Ohne Zweifel ist Gaga mutiger als Christina Aguilera, Rihanna und Madonna, die bei aller Ver- und Entkleidungslust doch niemals ihre Weiblichkeit in Frage stellen. Gaga inszeniert sich als Alien, wirkt mit ihren Überzeichnungen des Femininen wie eine Drag Queen und ist mit den eckigen Bewegungen ihres dünnen Körpers Marilyn Manson näher als Beyoncé. Hässlich ist das neue Schön. Bis Gaga wieder weiterzieht.
Übertreibung bis zur Groteske ist ihre einzige Chance, bigger zu werden als Madonna, und bei allem Mut zur Hässlichkeit: Es gibt Grenzen, auch für Lady Gaga. Am Ende tanzt sie doch in Unterwäsche ihre Softporno-Gruppenchoreographien. Ähnlich verhält es sich mit ihrer Musik: Die meisten Gaga-Songs sind Sample-Collagen im Eurodisco-Sound.

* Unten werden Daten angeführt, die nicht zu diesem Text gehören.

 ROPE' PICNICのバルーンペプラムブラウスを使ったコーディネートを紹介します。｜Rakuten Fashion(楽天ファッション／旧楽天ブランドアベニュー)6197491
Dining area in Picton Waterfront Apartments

Auf ihren Konzerten demonstriert sie am Klavier, dass sie sehr wohl eine »richtige« Musikerin ist. Klaus Walter erklärt auf dem Gaga-Gipfel, dass maximale Reichweite nur mit globalem Einheitsbrei zu erreichen sei. Trash als Überwältigungstaktik, Avantgarde für alle.
Beim Frankfurter Kongress blieb manche Frage offen. Zum Beispiel, welche Funktion all die Zitate in Gagas Songs und Videos haben – sind es Hommagen, Plagiate, popkulturelle Positionierungen? Die Filmwissenschaftlerin Karola Gramann zog das so schlichte wie zutreffende Fazit, dass man das von Jonas Akerlund gedrehte Video zu »Telephone« auch mögen könne, wenn man die Verweise auf »Kill Bill«, »Thelma und Louise« und andere Filme nicht kapiert.

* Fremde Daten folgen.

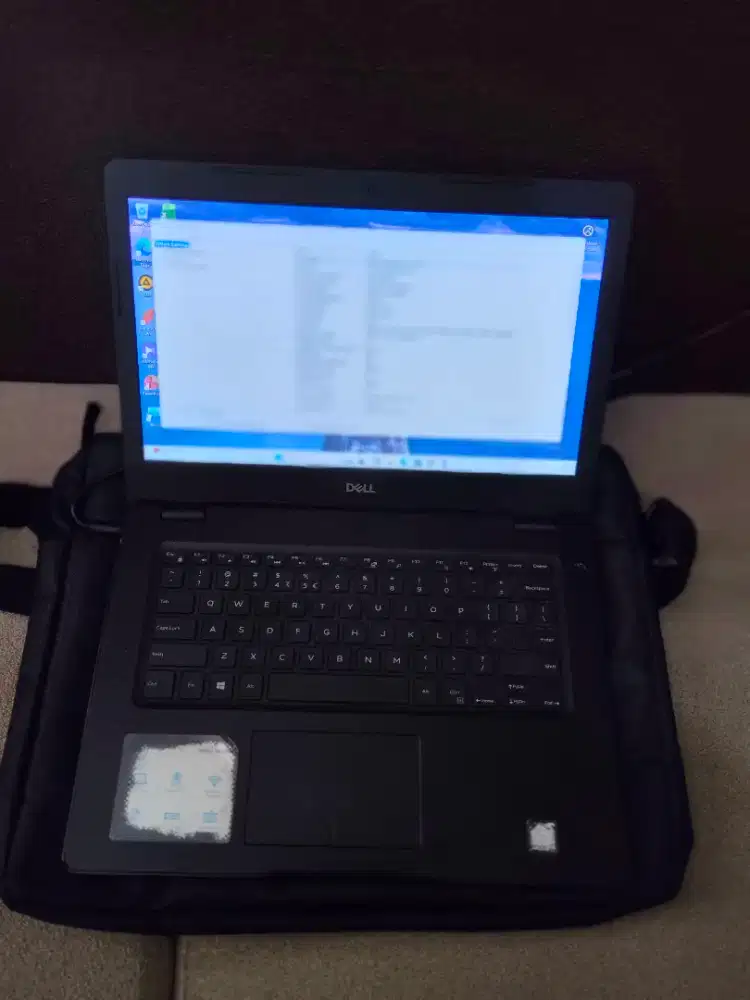 Lap Top merk Dell Vostro 3480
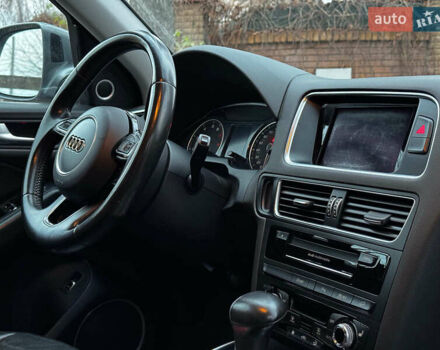 Сірий Ауді Ку 5, об'ємом двигуна 3 л та пробігом 175 тис. км за 15790 $, фото 32 на Automoto.ua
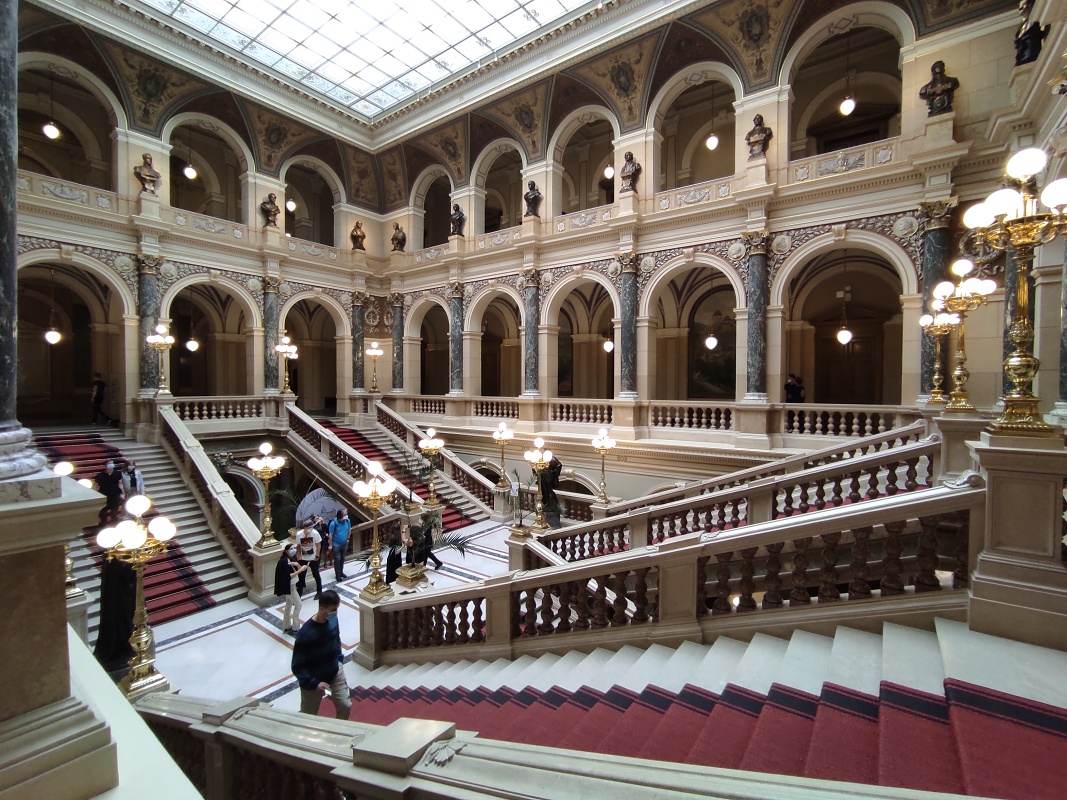 Centrálne nádvorie - schodisko a galéria sôch významných osobností českého múzejníctva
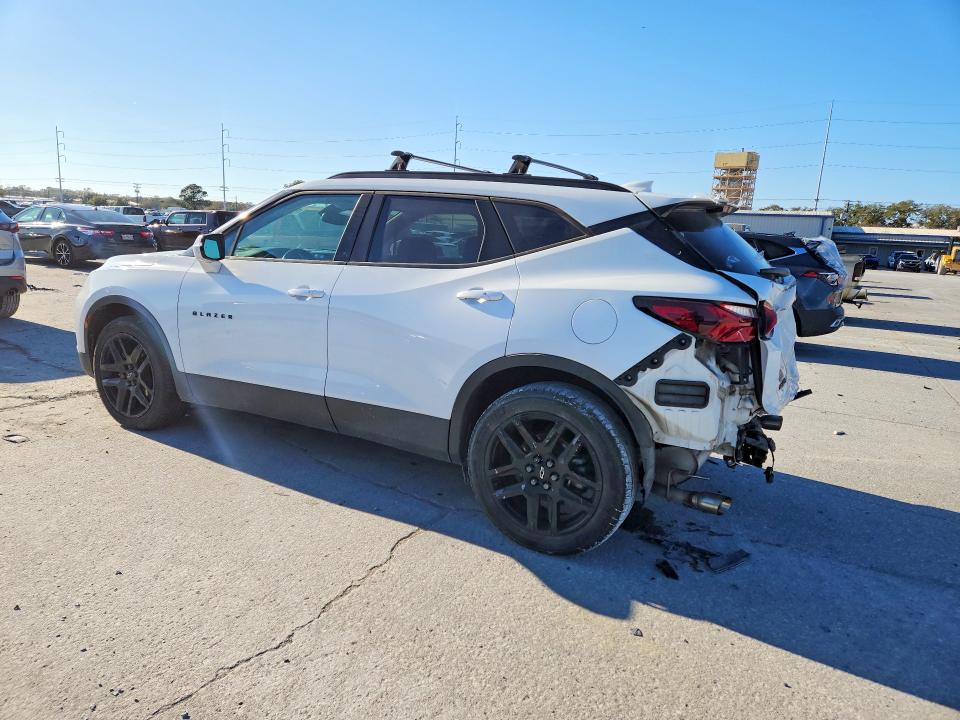 Photo 2 from auction – 2021 CHEVROLET BLAZER with VIN 3GNKBDRS7MS518241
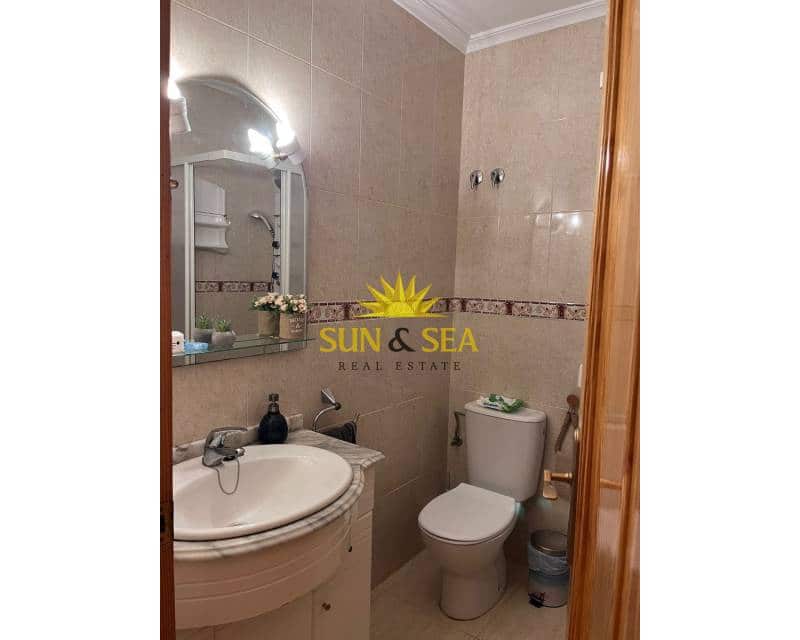 2 bedroom Townhouse for rent in Gran Alacant with pool - € 950 (Ref: 9028422)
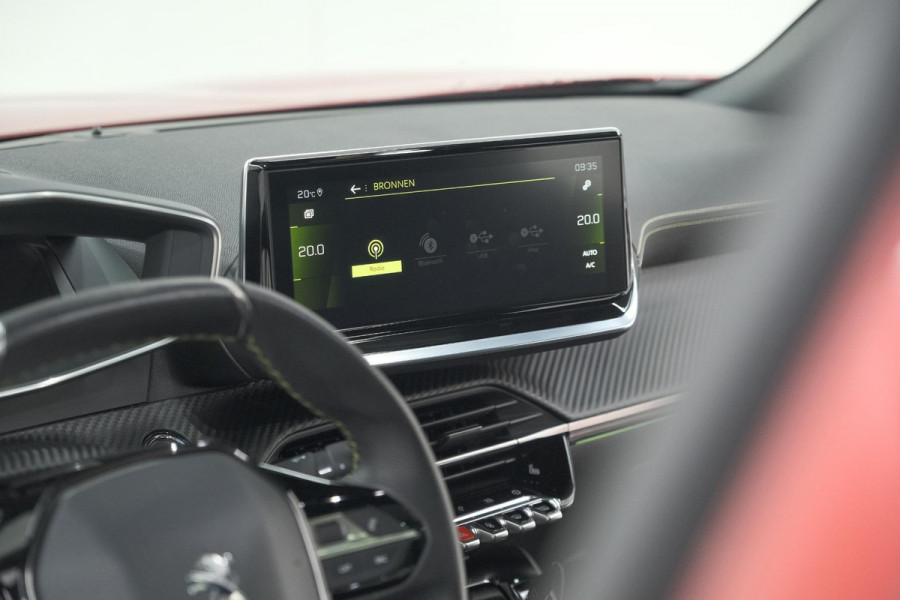 Peugeot 2008 PureTech 130 GT Pack | Panoramadak | Camera | Adaptieve Cruise Control | Stoelverwarming Peugeot 2008 PureTech 130 GT Pack | Panoramadak | Camera | Adaptieve Cruise Control | Stoelverwarming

Ein Lady-Gaga-Werbeaufsteller aus Pappe war der Hauptgewinn beim Gaga-Gipfel-Quiz in Frankfurt. Der Körper der Puppe ist mit Slogans beklebt, an Bauch und Armen sieht man auf­gemalte Schrammen. Auch das noch, möchte man ausrufen, jetzt müssen auch noch verzweifelte Selbstverstümmler dem House of Gaga dienen! Der Blick dahinter beweist: Dort ist – nichts. Sollte die Gaga-Philosophie tatsächlich so platt und banal sein? Das können, das wollen wir dann auch nicht glauben. Und hecheln dem Phänomen Lady Gaga weiter hinterher.